## SOURCE MATERIAL:
···

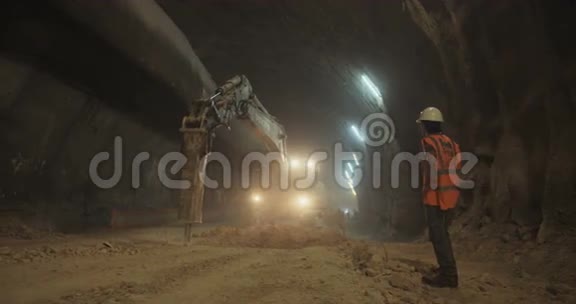 大规模隧道建设工程视频的预览图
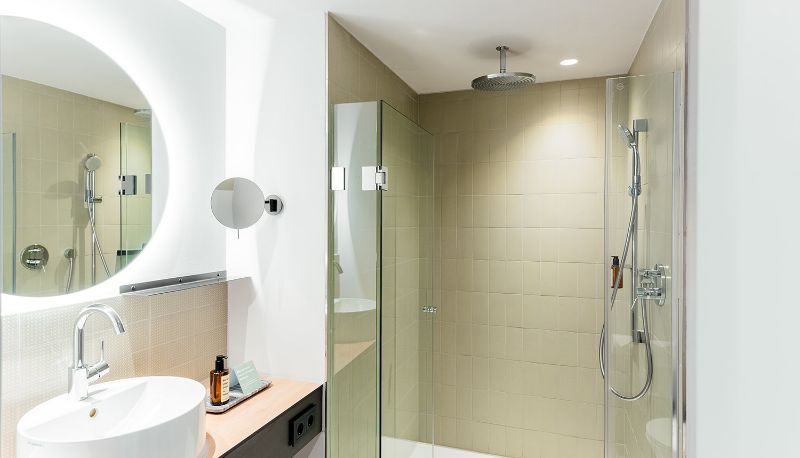 Badezimmer - Coreum Hotel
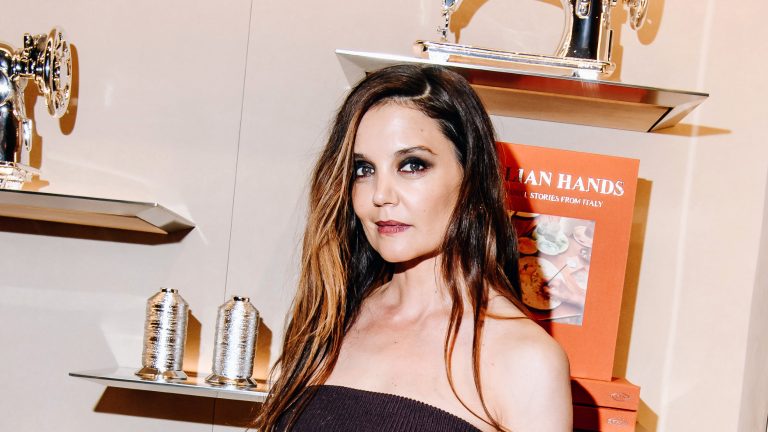 Katie Holmes simply made me rethink this autumnal color for summer season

···

## REQUIRED ACTION:
Quote the material exactly. Pictures stay out.

## WRITTEN SOLUTION:
 大规模隧道建设工程视频的预览图
 Badezimmer - Coreum Hotel
 Katie Holmes simply made me rethink this autumnal color for summer season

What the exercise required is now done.